In mid-January, around the time Clinton wrote about Whitewater, Oregonian Editor Sandra Mims Rowe stopped running the column, which the Los Angeles-based Creators Syndicate began distributing to about 100 papers last July. (Though not the same 100, about the same number of papers carry the column now.) "I thought it was too political, or bordering on too political, especially during an election year," Rowe says.

Like the Boston Globe, the Los Angeles Times and the New York Daily News, the Portland paper wanted to try the First Lady's column when it debuted. Rowe says she hoped for an insider's view of White House life, but as the campaign neared, she worried that the copy seemed increasingly political and decided to pull it. "Hillary Clinton's a serious woman," Rowe says. "None of us should have expected her to do a backstairs-at-the-White-House column."

As part of Clinton's effort to defrost her image, her column was intended to give readers a chance to see different facets of the First Lady--perhaps the lawyer and the politico, but also the wife and mother. Eleanor Roosevelt, the First Lady's prototype, wrote a daily column called "My Day" for more than two decades that was hailed for its honesty and lack of pretension. But Clinton is scrutinized by a vastly different media, and her column is seen as a potential parrot of the administration's line.

Some journalists see no problem if Clinton writes partisan columns, arguing that strong opinions make for better copy. San Jose Mercury News columnist Joanne Jacobs says editors and readers should expect a skew to Clinton's writings, especially in an election year. "If she has anything to say, it should be political," she says.

Detroit News Editorial Page Editor Thomas Bray, who recently suspended the column for the duration of the campaign, says he had high hopes that Clinton's column would include punchy copy, but that ultimately he was disappointed. "We've felt that many of the columns seem too content-free," he says. "This being an editorial page, we're more interested in what she has to say about issues."

In an August critique of Clinton's journalistic dabbling, Jacobs wrote, "A columnist's agenda should be to inform the public...or stir vigorous debate on critical issues, or to raise hell." Jacobs argues that none of these things inform Hillary's writing. "The column's an image rehabilitation project for her," she says.

Undeterred by critics' complaints, Lissa Muscatine, the First Lady's speechwriter, says journalists aren't Clinton's target audience--the public is. "She hasn't written columns that could in any way be viewed as part of a partisan political campaign," she says. "At the same time, she's not shy about what she believes, and she's not about to become shy just because it's an election year."

Muscatine adds that the First Lady--sans ghostwriter--has succeeded in her original intent: "Her point is to be able to share her observations and experiences in the White House and as First Lady directly with the people, unfiltered," says Muscatine.

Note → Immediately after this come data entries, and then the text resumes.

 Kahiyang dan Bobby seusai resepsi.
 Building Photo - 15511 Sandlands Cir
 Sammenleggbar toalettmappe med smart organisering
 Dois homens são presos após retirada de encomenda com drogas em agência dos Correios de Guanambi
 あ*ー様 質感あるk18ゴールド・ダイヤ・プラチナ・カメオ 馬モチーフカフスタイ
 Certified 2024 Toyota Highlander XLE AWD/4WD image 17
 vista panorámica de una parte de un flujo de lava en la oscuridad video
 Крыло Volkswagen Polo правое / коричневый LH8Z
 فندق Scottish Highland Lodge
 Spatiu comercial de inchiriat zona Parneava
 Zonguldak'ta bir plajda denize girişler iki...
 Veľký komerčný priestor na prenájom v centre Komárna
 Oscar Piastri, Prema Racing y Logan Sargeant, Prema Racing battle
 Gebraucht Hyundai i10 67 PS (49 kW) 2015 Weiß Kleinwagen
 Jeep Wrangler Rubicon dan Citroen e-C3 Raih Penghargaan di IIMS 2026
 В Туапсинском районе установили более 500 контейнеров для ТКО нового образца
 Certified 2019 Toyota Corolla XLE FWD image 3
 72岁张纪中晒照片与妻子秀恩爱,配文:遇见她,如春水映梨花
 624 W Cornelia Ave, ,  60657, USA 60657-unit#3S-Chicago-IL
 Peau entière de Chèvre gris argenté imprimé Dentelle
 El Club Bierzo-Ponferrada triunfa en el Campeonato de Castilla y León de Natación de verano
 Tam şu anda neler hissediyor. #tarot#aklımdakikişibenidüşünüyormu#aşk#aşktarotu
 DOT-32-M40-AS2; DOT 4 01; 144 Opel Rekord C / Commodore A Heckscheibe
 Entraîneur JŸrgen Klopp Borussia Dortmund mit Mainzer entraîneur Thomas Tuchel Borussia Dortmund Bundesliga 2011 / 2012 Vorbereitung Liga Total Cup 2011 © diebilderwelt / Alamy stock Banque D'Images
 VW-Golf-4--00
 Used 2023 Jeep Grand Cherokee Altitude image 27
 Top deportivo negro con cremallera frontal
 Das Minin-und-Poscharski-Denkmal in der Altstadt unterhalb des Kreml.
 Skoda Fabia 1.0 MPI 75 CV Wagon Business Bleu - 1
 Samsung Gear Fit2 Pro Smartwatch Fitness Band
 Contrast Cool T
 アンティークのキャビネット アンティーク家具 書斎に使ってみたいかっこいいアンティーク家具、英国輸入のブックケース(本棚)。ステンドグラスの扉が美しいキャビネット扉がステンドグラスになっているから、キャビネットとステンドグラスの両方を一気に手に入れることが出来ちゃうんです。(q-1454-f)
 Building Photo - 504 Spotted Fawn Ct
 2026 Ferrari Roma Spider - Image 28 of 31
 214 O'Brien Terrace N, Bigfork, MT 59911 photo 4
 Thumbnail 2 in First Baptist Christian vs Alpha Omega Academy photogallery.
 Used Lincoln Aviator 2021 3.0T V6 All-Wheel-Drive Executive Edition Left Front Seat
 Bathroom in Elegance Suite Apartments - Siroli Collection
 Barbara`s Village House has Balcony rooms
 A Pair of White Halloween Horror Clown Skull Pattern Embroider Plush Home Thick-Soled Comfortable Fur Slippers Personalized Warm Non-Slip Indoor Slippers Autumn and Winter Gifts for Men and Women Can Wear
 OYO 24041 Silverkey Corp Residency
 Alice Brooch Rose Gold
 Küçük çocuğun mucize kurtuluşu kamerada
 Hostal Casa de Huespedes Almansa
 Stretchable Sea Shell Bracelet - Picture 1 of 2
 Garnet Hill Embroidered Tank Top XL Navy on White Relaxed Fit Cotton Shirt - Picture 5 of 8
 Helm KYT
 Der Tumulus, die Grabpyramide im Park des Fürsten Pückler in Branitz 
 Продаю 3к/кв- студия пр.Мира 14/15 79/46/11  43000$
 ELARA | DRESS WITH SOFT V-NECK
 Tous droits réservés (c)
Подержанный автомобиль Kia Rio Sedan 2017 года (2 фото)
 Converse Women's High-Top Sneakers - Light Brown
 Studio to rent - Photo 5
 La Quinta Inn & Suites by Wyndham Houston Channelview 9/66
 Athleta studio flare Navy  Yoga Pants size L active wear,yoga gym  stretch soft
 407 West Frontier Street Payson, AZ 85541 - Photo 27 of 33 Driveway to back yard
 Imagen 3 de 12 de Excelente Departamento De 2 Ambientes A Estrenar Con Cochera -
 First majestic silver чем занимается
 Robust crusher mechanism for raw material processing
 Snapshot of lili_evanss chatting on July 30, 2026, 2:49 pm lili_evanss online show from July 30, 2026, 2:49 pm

Much of Clinton's writing has been folksy. She has written about quality time the first family has spent in Wyoming and the stress of Chelsea wanting a driver's license. The lack of friction ultimately led some papers to cancel the column, as the Seattle Times did in January. "We were curious to see what the First Lady had to say to readers," Seattle Times Editorial Page Editor Mindy Cameron says. "Not much, it turns out."

Chicago Tribune Washington Bureau Chief James Warren says that if he were an editorial page editor his concern would be more with the punch of the prose than with the column giving political mileage to the Clinton campaign. "My desire would be to juice it up more," Warren says. "I'd be interested in selling something people might really want to read."